Prote dans son royaume, préférant les parfums de la casse à la monotonie de l’école, Fernand Gautier, s’inscrivant dans une tradition familiale, se fit à son tour imprimeur. Mais imprimeur singulier, réfractaire, dès son choix de rejoindre le maquis pour échapper au STO, assez original aussi pour fabriquer les faux laissez-passer, passeports pour l’amour absolu, qui lui permettront de rejoindre celle qui fut la compagne d’une vie, en Allemagne occupée.
Ce parcours insolite il le poursuit, en prenant soin de toujours lier plaisir fructueux des rencontres et recherches graphiques. « L’Atelier Narbonnais », « Ateliers de Recherches Graphiques », « Recherches Graphiques », les noms des groupes se succèdent mais l’entreprise reste fidèle à elle même et à ses compagnons de route, Joël Picton, Pierre Marca, René Nelli, Yves Rouquette… au fil de multiples créations. A chaque reprise, c’est la même complicité qui prévaut, la même démarche de l’imprimeur-créateur qui commande : comment assurer au texte sa dimension de mise en demeure de l’imaginaire, comment donner son poids à la fugacité des mots, son épaisseur à l’invisible ? Dès lors s’initie un long travail sur les formes, les couleurs et surtout la matière, car le papier, ne portant pas seulement les signes, leur donne force et les abrite. Rare parfois tels ces feuillets réalisés à partir de crotte d’éléphant destinés à retrouver les mystères anciens, tiré à la cuve, pressé avec les traces de végétaux des origines, il accueille aussi, à l’occasion, fleurs séchées, fils de cuivre, insertions diverses, comme cet ouvrage, à la couverture de céramique dont l’exécution, à plusieurs mains, demanda plusieurs années.

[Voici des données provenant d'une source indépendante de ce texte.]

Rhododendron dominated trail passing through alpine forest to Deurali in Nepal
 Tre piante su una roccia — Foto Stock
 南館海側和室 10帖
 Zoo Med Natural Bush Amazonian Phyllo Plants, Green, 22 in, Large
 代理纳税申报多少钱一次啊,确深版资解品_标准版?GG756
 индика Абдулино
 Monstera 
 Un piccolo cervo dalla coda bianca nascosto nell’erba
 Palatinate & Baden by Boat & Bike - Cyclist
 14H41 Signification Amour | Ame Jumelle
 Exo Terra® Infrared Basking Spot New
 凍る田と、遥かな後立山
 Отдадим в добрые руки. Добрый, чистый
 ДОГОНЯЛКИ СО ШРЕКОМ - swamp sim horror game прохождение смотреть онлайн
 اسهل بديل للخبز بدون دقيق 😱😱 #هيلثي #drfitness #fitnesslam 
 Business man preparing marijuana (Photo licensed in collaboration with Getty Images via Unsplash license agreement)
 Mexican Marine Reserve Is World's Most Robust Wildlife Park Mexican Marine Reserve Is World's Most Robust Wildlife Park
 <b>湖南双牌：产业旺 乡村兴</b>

Mais, loin d’être un simple comparse dévoué à servir l’œuvre, Fernand Gautier apporte au « livre » qu’il fabrique une part de rêve et d’innovation. Imprimeur par nécessité, passeur des poètes par passion, il est, avant tout, un créateur aux multiples facettes : dessinateur, il est aussi graveur, peintre, il explore avec bonheur tous les chemins de l’abstraction, imprimeur il travaille avec le papier, le linoléum, le bois… Homme public, il se plaît, dans la solitude des saisons, à dessiner les hauts vents qui hantent les châteaux cathares avant d’en graver, manuellement, avec un savoir et une patience infinis, des épures dépouillées jusqu’à l’essence. Le plasticien se fait aussi écrivain de textes, à la beauté énigmatique, qui parsèment dessins et compositions ou clôturent ses livres en de précieux colophons : « Il fait frais dans l’atelier en ce 24 juin 1987. Un léger vent du Nord chante à la porte bleue. Le papier capte la grande lumière du Solstice. Fernand Gautier achève l’impression de ce Bréviaire ».
Ainsi, demeurera la figure de cet alchimiste, s’adonnant sans découragement, à l’aide de ses athanors, à fondre le plomb pour en tirer, après les lettres, d’étranges figures végétales ou abstraites qui sont autant de confrontations, fertiles et infinies, avec la transparence opaque de la matière et de l’écriture.